I am just going off of OP’s wife saying, I wanted to see him naked. We don’t know how long she has wanted this. It could be at that moment or a long time desire. 

I’m just saying that OP should keep his eyes open.


----------



## ABHale (Jan 3, 2016)

Jckilo, did your wife watch the video to the end or stop when she saw what it was and what he was doing?


----------



## personofinterest (Apr 6, 2018)

ABHale said:


> I am just going off of OP’s wife saying, I wanted to see him naked. We don’t know how long she has wanted this. It could be at that moment or a long time desire.
> 
> I’m just saying that OP should keep his eyes open.


And I'm just saying, in the CONTEXT of what she said, 99% of women - of which his wife is one - would mean, "when I saw there was a link I just had to see it (giggle giggle)."

Men and women think differently. I think I am likely more right about what another woman thinks that you are.

But by all means, let's all get on the "she dreams about him and is waiting to cheat/has cheated/ DNA your kids" wagon.

Again

Like always


----------



## BarbedFenceRider (Mar 30, 2018)

Now, if the roles were reversed and we had a man watching POI's best friend naked jerkin' and yerkin'. I'm about as serious as a heart attack that such "understanding" would not take place.....All would need to be found is the multiple threads of hubbys and boyfriends caught with porn and such.....


----------



## Diana7 (Apr 19, 2016)

Anyone who opens an unknown link is crazy. So many viruses about in these links now. 

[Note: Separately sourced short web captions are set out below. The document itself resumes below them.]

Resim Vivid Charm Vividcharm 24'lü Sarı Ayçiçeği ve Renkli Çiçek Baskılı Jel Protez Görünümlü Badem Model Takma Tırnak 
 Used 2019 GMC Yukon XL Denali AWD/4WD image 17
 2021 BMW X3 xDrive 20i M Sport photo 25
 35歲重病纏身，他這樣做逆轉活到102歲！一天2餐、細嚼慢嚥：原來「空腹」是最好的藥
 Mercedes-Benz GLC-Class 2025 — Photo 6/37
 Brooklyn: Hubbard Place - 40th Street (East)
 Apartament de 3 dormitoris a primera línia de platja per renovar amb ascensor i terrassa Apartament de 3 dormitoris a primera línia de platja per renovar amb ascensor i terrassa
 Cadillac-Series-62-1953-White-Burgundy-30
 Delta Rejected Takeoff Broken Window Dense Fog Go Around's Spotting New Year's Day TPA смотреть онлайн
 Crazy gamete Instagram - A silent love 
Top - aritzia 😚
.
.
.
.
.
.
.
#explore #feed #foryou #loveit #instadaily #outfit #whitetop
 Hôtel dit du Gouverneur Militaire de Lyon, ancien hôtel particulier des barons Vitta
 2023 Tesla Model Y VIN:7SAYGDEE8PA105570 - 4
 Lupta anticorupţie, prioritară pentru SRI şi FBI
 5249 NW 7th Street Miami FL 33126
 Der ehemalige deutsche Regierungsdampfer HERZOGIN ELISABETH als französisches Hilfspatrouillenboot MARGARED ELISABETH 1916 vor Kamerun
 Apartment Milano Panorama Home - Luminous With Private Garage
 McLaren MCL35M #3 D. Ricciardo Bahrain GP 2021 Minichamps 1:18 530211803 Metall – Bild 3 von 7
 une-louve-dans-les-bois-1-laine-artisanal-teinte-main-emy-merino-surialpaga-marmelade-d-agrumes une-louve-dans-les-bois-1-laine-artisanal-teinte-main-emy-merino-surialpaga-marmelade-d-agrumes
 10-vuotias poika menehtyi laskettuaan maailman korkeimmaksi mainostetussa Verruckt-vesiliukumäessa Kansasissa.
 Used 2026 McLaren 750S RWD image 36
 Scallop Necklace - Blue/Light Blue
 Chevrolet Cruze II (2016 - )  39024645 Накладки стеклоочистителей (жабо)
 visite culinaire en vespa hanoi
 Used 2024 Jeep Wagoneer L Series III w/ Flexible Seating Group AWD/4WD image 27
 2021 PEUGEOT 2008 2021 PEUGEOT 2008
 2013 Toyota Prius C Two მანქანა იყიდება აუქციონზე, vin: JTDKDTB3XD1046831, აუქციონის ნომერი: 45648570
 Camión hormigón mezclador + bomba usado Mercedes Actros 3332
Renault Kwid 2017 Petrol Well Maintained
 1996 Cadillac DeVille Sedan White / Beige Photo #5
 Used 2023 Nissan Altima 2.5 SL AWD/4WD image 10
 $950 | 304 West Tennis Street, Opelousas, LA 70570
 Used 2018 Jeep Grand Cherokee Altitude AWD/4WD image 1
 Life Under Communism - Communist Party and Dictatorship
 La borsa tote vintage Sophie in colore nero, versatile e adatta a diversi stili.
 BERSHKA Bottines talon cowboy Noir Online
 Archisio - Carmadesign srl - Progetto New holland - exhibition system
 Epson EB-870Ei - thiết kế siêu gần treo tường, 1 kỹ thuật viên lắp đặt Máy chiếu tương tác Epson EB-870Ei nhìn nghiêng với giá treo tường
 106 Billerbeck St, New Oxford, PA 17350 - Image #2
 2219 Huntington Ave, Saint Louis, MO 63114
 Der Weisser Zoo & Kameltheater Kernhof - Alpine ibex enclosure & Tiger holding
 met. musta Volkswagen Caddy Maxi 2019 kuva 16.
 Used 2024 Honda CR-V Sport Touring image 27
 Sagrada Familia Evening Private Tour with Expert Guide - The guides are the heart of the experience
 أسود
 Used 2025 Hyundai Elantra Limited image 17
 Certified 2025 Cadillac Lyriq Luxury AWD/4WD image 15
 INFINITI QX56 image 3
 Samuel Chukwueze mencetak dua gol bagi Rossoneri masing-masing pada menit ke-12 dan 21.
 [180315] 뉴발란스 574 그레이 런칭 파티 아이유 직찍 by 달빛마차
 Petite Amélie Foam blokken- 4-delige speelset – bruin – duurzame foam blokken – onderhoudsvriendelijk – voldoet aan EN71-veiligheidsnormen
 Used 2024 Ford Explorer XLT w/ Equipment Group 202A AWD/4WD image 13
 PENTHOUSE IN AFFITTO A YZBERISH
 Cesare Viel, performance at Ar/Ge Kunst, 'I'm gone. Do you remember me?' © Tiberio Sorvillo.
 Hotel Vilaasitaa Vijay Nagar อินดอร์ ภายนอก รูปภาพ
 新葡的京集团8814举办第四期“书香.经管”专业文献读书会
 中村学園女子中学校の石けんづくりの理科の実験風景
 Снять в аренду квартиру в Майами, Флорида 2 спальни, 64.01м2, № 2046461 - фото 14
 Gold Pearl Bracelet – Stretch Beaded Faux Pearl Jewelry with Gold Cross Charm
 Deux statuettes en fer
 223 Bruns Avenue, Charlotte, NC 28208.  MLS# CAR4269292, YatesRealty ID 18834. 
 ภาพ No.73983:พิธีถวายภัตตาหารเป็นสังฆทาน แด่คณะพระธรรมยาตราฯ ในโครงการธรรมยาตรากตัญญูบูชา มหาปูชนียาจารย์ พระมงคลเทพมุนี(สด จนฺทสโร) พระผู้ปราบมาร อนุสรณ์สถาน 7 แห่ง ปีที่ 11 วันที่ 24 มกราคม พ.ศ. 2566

We get lots of dodgy links sent to us, neither of us ever opens them. IF we don't know what they are and who sent them they get deleted.


----------



## Robert22205 (Jun 6, 2018)

I'm sorry to hear about your wife's behavior. I think you have a serious boundary problem including poor judgement that will set the tone for the remainder of your marriage. It's especially tough where she thinks it's not a problem. You can teach boundaries but it's tough to teach core values (which she appears to be lacking). I think you're close to discovering a deal breaker about your wife's character (when mixed with her friends).

Did you check out the link yourself or is this all hearsay.What exactly did she look at? 
Photos? How many pics and what poses? or a video of him masturbating. 
If a video, was it real time?

I think your wife's interest in porn is inappropriate - especially because she knows the guy (and she should know better) which implies she has a personal interest in him. Since she feels she did nothing wrong....would she be willing to share her behavior with your church or family? 

I think this could be the first step to sexting with him or someone else. 
Has she agreed to stop? Now she's going underground so you have an ongoing trust issue.

I also think that you and your wife should agree to have nothing to do with this guy (zero contact ...he's trouble).
Maybe she should stop being friends with the woman that sent her the link .... this 'friend' is a threat to your marriage.


----------



## Diana7 (Apr 19, 2016)

Robert22205 said:


> I'm sorry to hear about your wife's behavior. I think you have a serious boundary problem including poor judgement that will set the tone for the remainder of your marriage. It's especially tough where she thinks it's not a problem. You can teach boundaries but it's tough to teach core values (which she appears to be lacking). I think you're close to discovering a deal breaker about your wife's character (when mixed with her friends).
> 
> Did you check out the link yourself or is this all hearsay.What exactly did she look at?
> Photos? How many pics and what poses? or a video of him masturbating.
> ...


What a refreshing post. :smile2:


----------



## personofinterest (Apr 6, 2018)

BarbedFenceRider said:


> Now, if the roles were reversed and we had a man watching POI's best friend naked jerkin' and yerkin'. I'm about as serious as a heart attack that such "understanding" would not take place.....All would need to be found is the multiple threads of hubbys and boyfriends caught with porn and such.....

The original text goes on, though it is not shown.